» Your task: Take the listing below and print exactly the lines starting at the line containing "SONDA LAMBDA 03L906262Q" and ending at the line containing "New Balance 大谷翔平シグネチャーコレクションロンＴのサムネイル", both ends included, and no others.

» Dataset extract:
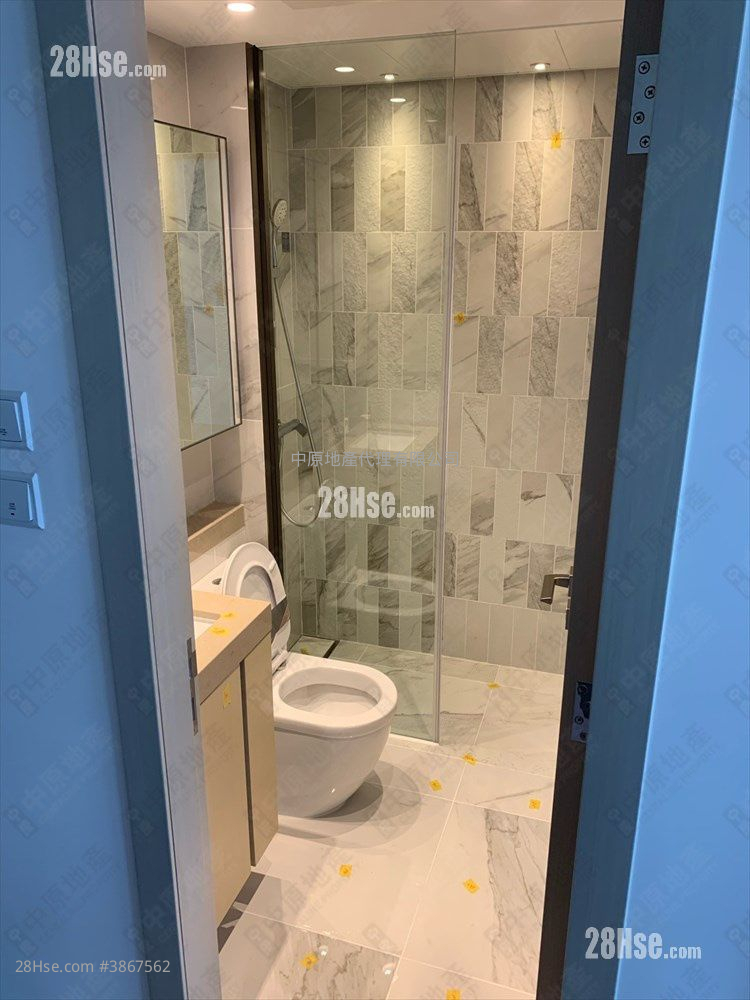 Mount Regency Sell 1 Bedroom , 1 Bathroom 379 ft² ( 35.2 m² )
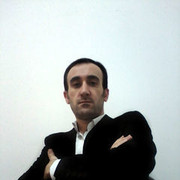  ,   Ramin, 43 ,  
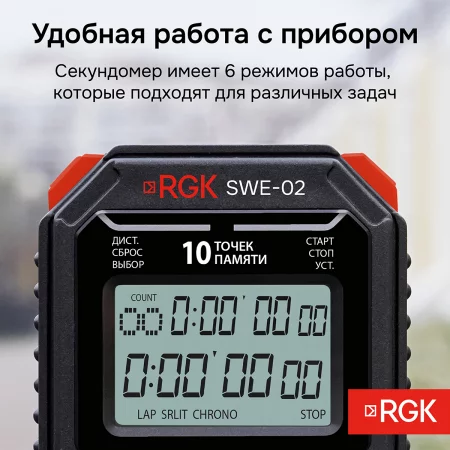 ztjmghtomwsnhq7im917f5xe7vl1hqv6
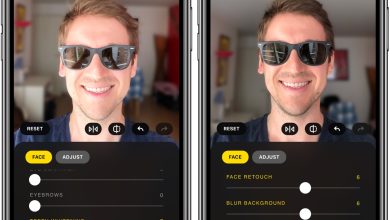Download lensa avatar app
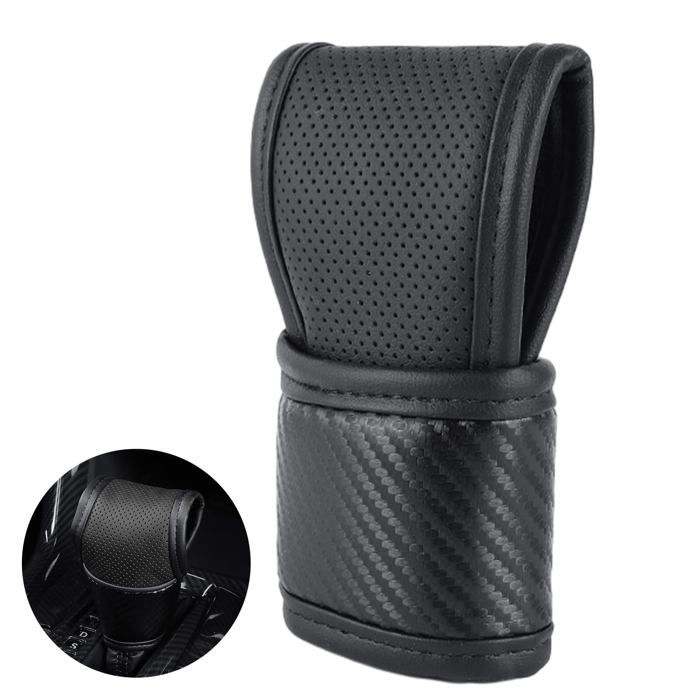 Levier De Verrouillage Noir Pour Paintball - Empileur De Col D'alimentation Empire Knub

* * *

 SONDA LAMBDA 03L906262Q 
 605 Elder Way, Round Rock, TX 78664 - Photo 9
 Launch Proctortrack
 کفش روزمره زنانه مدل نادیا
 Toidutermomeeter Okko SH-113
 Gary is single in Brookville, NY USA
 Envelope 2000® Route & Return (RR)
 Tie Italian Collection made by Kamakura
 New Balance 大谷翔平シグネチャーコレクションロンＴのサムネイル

» Exercise solution:
 SONDA LAMBDA 03L906262Q 
 605 Elder Way, Round Rock, TX 78664 - Photo 9
 Launch Proctortrack
 کفش روزمره زنانه مدل نادیا
 Toidutermomeeter Okko SH-113
 Gary is single in Brookville, NY USA
 Envelope 2000® Route & Return (RR)
 Tie Italian Collection made by Kamakura
 New Balance 大谷翔平シグネチャーコレクションロンＴのサムネイル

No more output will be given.